Section 3.02. Authorization. All necessary corporate actions
have been taken to authorize the execution of this Agreement on
Seller's behalf by Seller's duly authorized officers and the
performance by Seller of its obligations hereunder. This Agreement
has been duly and validly executed and delivered by Seller and
constitutes a legal, valid and binding obligation of Seller, enforceable
against Seller in accordance with its terms, subject to bankruptcy,
insolvency, reorganization or other similar laws affecting the
enforcement of creditors' rights generally and to general principles of
equity, whether considered in a proceeding at law or in equity.
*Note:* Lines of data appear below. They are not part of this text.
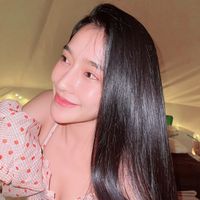 nichakon_kat
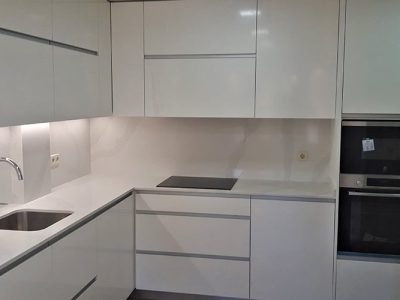 rfo-reforma-chalet-madrid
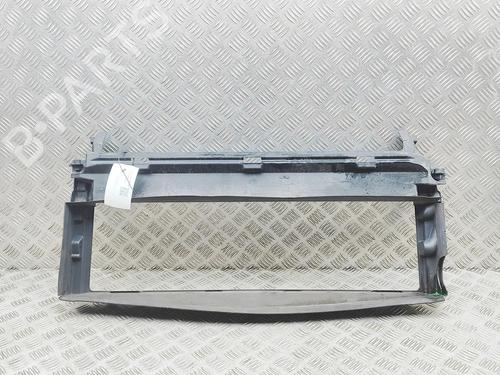 Pipe VOLVO XC40 (536) T3 | BP39930346M125 - Image 4
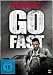 Go Fast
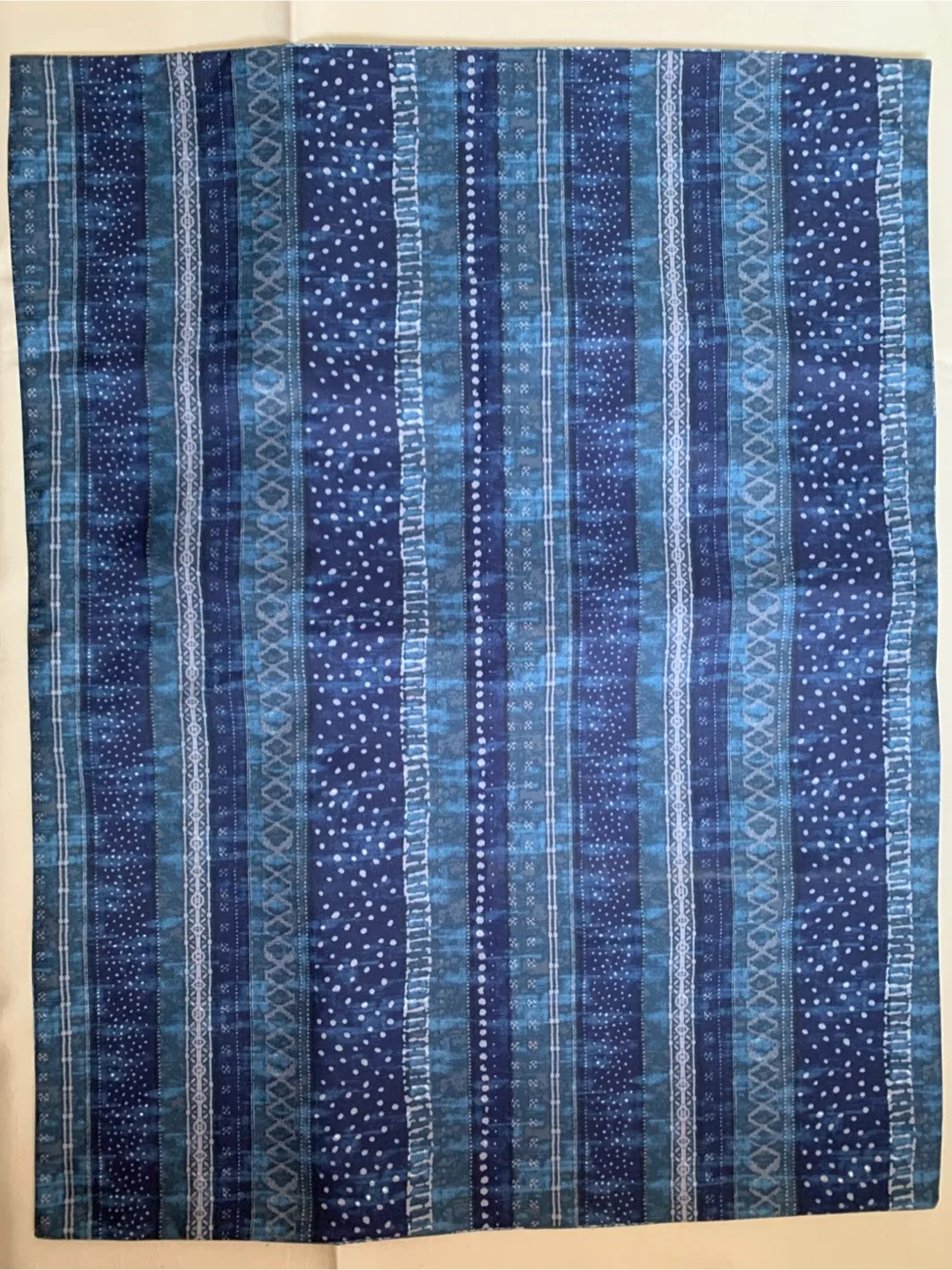 🆕Printed Pillowcases by Jennifer Adams Home image indicator(6)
Section 3.03. Non-Contravention. The execution and delivery of
this Agreement by Seller do not, and, subject to the receipt of all
required approvals and consents, including but not limited to regulatory
approvals, the consummation of the transaction contemplated by this
Agreement will not, constitute a breach or violation of or default under
any law, rule, regulation, judgment, order, governmental permit
or license, agreement, indenture, or instrument to which Seller
is a party, or by which it or any of its assets or property is
bound, which breach, violation, or default would have a material
adverse effect on the business or properties of the Branch Office
after the Closing Date.
Section 3.04. Compliance with Law. Seller has all licenses,
franchises, permits and other overnmental authorizations that are
legally required to enable it to conduct its business at the Branch
Office as presently conducted in all material respects.
Section 3.05. Regulatory Enforcement Actions. Seller is not
subject to, and has not received any notice or advice that it may be
subject to, any order, agreement, memorandum of understanding or other
regulatory enforcement action or proceeding with or by any federal or
state agency charged with the supervision or regulation of banks or
engaged in the insurance of deposits of banks or any other governmental
agency having supervisory or regulatory authority with respect to
Seller which could have a material adverse effect on the
operation of the Branch Office after the Closing Date.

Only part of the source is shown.